The first international conference commemorating the 70th anniversary of the suffering of Serbs, Jews and Roma in Jadovno concentration camp was held in Bosnia this past June.
The ceremony was attended by Serbian President Boris Tadic and representatives of the Republika Srpska’s and of Croatia, in addition to thousands of descendents and supporters of those exterminated by the Ustashe Nazi collaborators in 1941.
The conference itself, which was held in Srpska’s capital of Banja Luka, delved into the various political, military and strategic factors that facilitated this little known branch of the Nazi extermination machine.
An Israeli representative of the World Maccabi Organization delivered a moving eulogy of the Zagreb Maccabi Club members. Their harrowing story still reverberates around the pastoral environs of Jadovno’s mountain forest. The club members were among the first to be arrested and chained together, and after the first person was knocked unconscious, he pulled all the others chained to him amid cries of horror into a pit that was 54 meters deep.

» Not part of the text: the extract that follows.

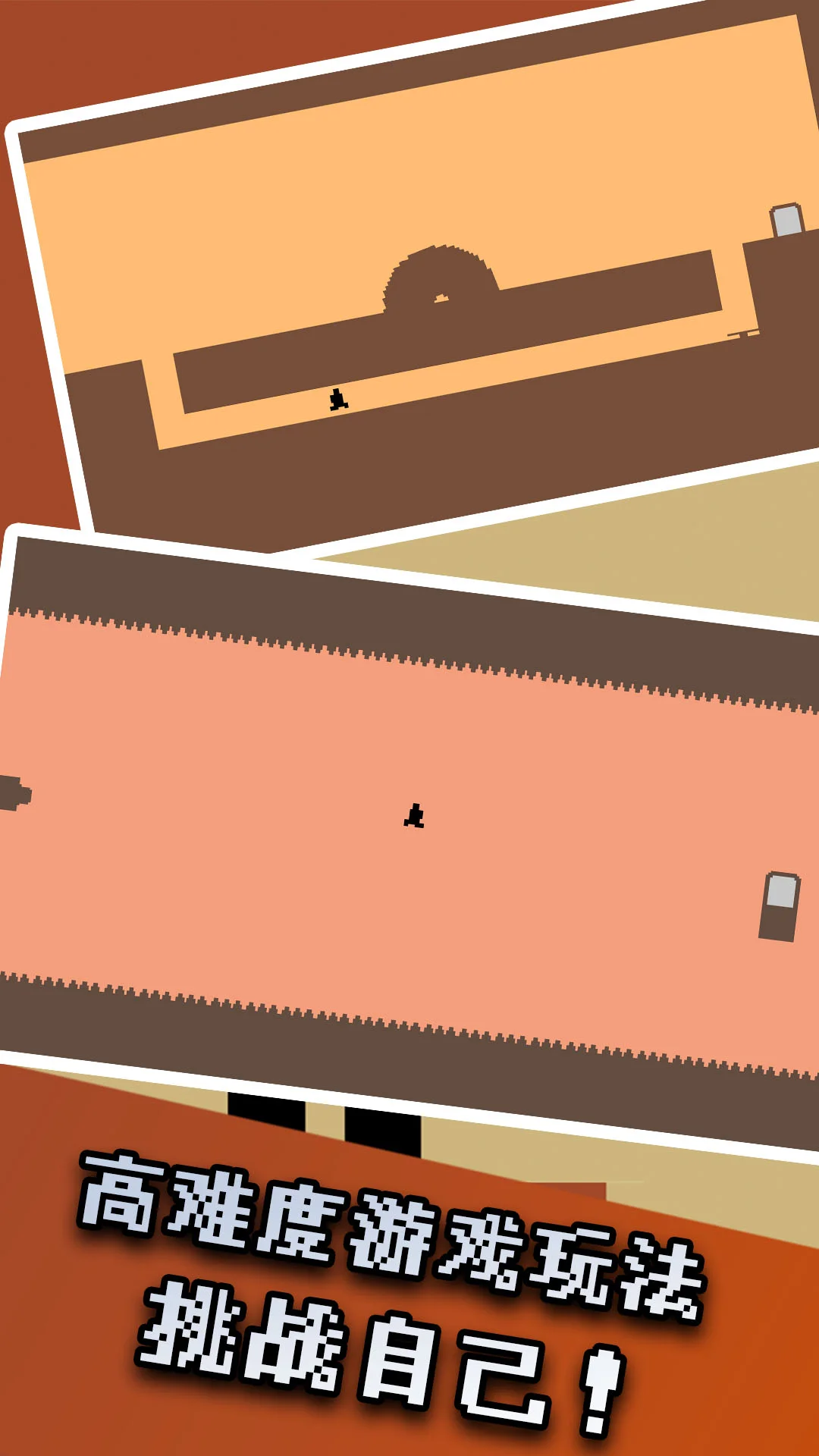 只有一道门截图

That camp operated for only a few months, from June until August 1941, and was subsequently replaced by the much larger death camp of Jasenovac on the bank of the Sava River where hundreds of thousands of Serbs and tens of thousands of Jews and Roma were systematically exterminated by Ustashe assassins that were being aided by Bosnian Muslims.
In 1941 Muslim leaders in Bosnia had imposed a ban that sought to prevent Muslims from collaborating with the Ustashe government. But 2 years later, the grand mufti of Jerusalem, Haj Amin al-Husseini, was flown in from Berlin to Bosnia by his Nazi cohorts in an effort to reverse the ban and recruit Muslims to the Waffen SS 13th division.

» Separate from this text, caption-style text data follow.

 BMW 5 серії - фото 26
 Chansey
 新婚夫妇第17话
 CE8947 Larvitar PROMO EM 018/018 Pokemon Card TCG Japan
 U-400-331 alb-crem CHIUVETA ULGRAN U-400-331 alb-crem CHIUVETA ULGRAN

My first stop prior to the conference was the Croatian capital of Zagreb, where the intense hatred of the Serbs – equaled by a similar hatred of Serbs to Croats and Muslims – makes one wonder how Marshal Josip Broz Tito managed to keep Yugoslavia together until his death in 1980.

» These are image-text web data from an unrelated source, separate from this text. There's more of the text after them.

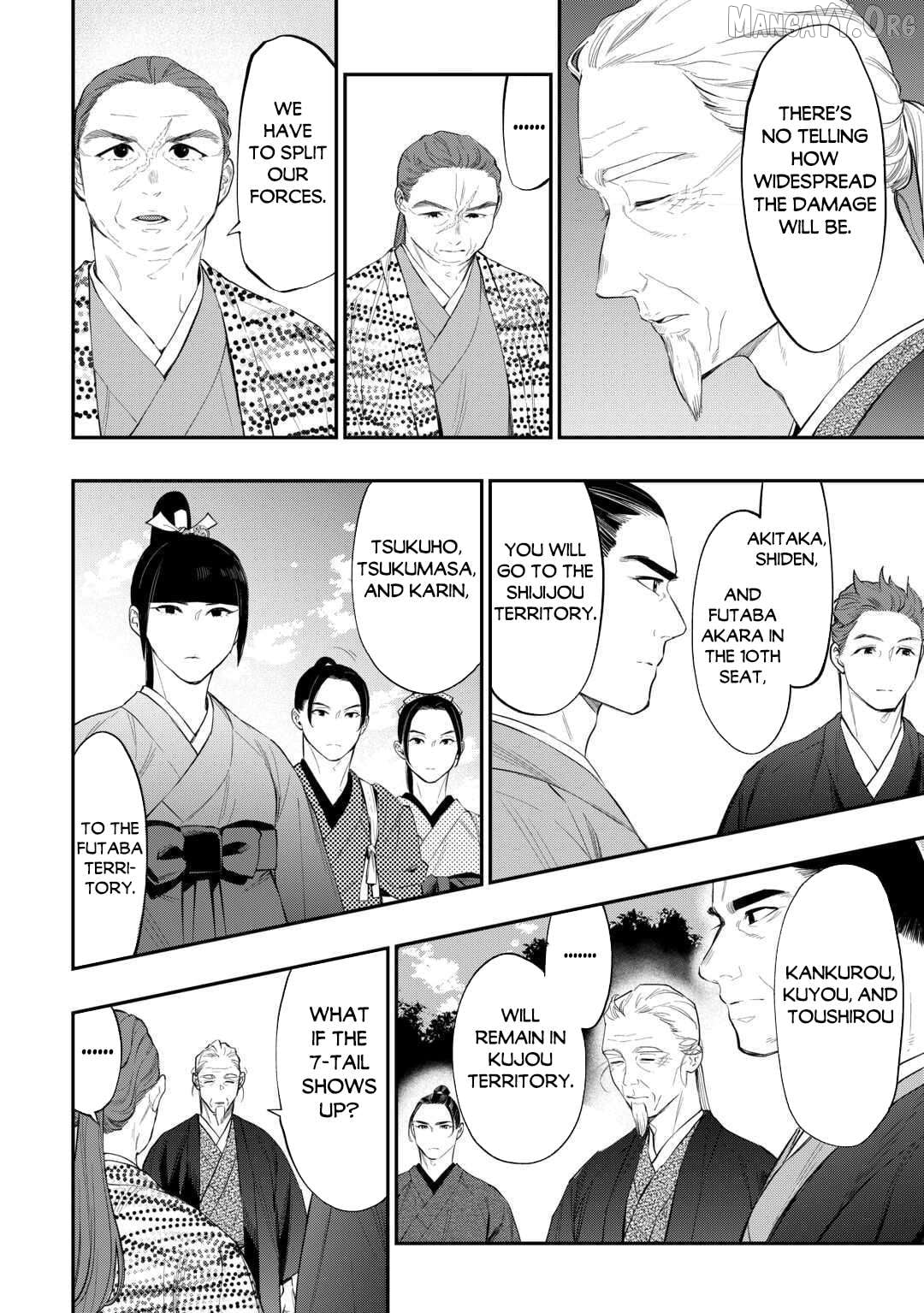 The New Gate Chapter 118 - page 9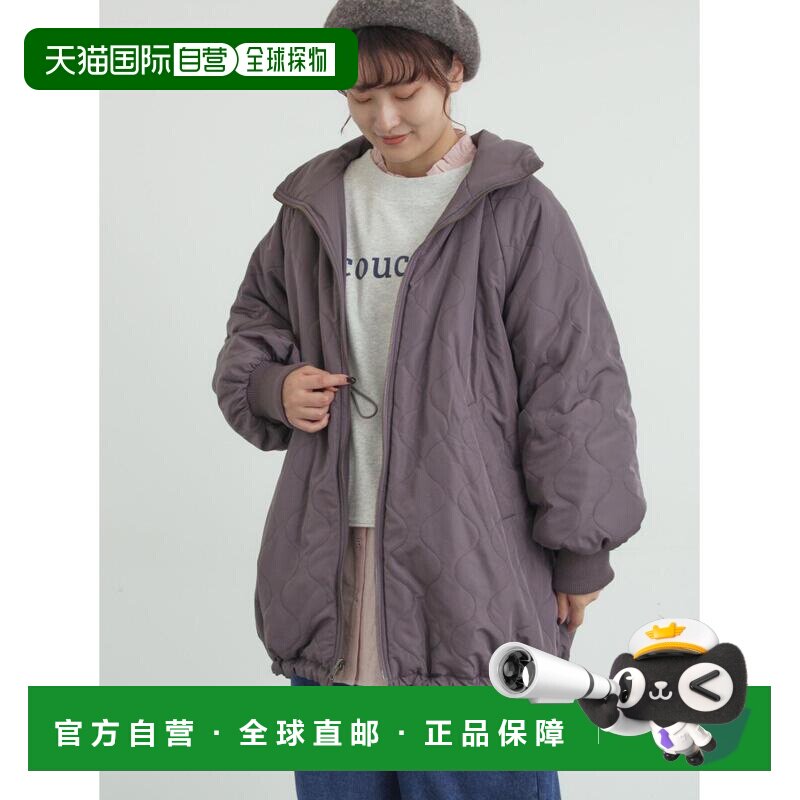 1h可退 日本直邮Samansa Mos2 女装 可爱糖果袖 中棉填充 两面穿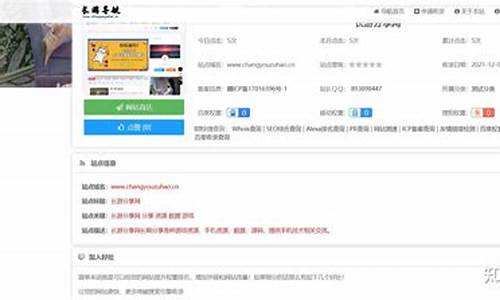 自动导入系统源码_自动导入系统源码怎么设置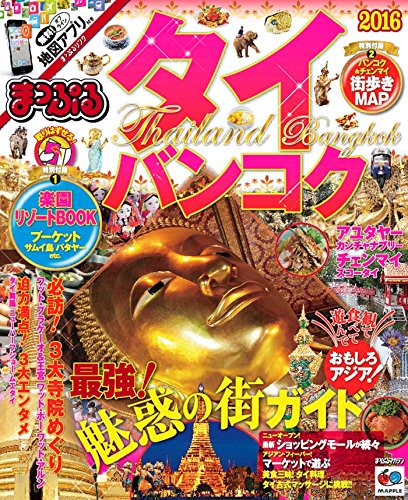まっぷる タイ・バンコク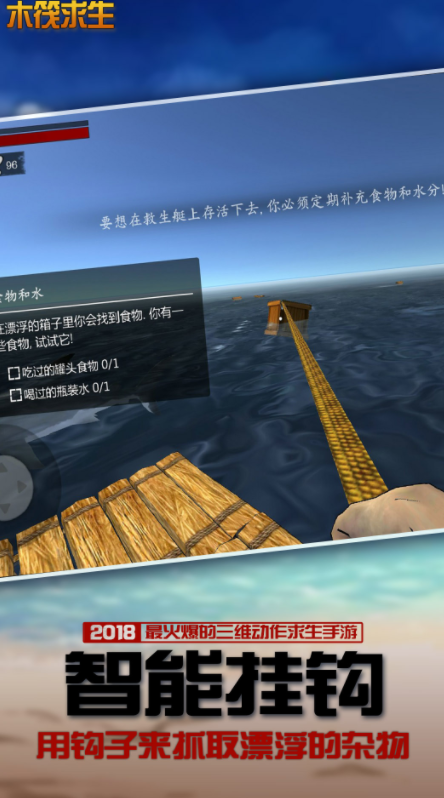 不要碰我游戏官网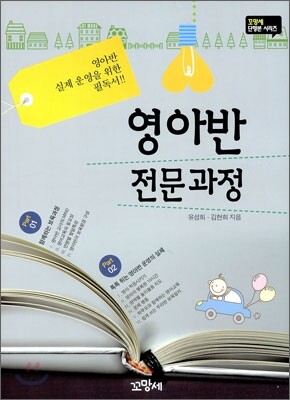영아반 전문과정
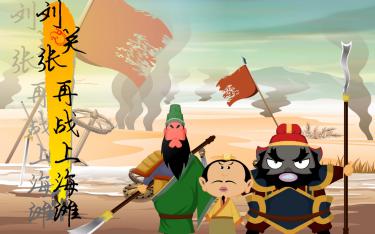 【動畫制作】企業制作二維動畫設計需要考慮哪些要素？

In many respects this deep-seated hatred is reminiscent of the anti-Semitic libels that have poisoned Jewish life over the centuries. Naturally, the comparison prompted me to search for the vestiges of the tiny Jewish community that even today is making desperate attempts to revive what has been irretrievably lost.
My extra-curricular lecture on the current Arab turmoil in the Middle East was attended by a large crowd of surviving local Jews, including some that have some degree of affiliation with Israel. The lecture was preceded by a tour of some of the remaining Jewish sites—mostly in the form of plaques commemorating Jewish synagogues that had been burned down by the Ustashe in 1941. A renowned local Jewish broadcaster attended my lecture and was my source of information on a rift that is present between the two rival Jewish factions in Zagreb. The first group are assimilated and detached from Israel’s concerns while the second group – most of whom were present at my lecture – is committed and sensitive to Israel’s cause and is even headed by an Israeli rabbi.
It seems that in spite of his anti-Semitic background, the former president of Croatia, Fanjo Tudjman, displayed an eagerness to establish ties with Israel in the 1990s. Tudjman was even advised by his political counsel to improve his standing in the eyes of the Israelis by mediating Ron Arad’s safe return.
The idea was to impel the head of the alienated Jewish community – the only organized one at the time of the initiative (1995) – to cooperate with the Zagreb mufti of the local Muslim community and turn jointly to Hizbolla to release Arad on the basis of “Islamic grace.” The president successfully convinced the mufti to persuade the leader of the Jewish community to ally with him in this enterprise. Sadly, however, the latter flatly refused, stating that he “had nothing to do with Israel.”
This incident only reflects the bitter rivalry between the small Jewish community’s disparate groups, matched only by the seemingly incorrigible hatred between Serbians and Croatians. In the past the rift has led to accusation-hurling between the two groups. Unfortunately, many of the claims that were made often had little connection to historical fact. This is one of the reasons that Bosnia’s Jewish history is replete with contradicting narratives.
The conference was therefore a crucial step towards implementing a sustainable and accurate documentation of Bosnia’s Jewish history – some of which I will record in a series of articles.
70 years on, the events of the Holocaust in Bosnia are finally garnering enough attention around the world and becoming a legitimate domain of research.
The writer is a professor of Islamic, Middle Eastern and Chinese history at the Hebrew University of Jerusalem and a member of the steering committee of the Ariel Center for Policy Research.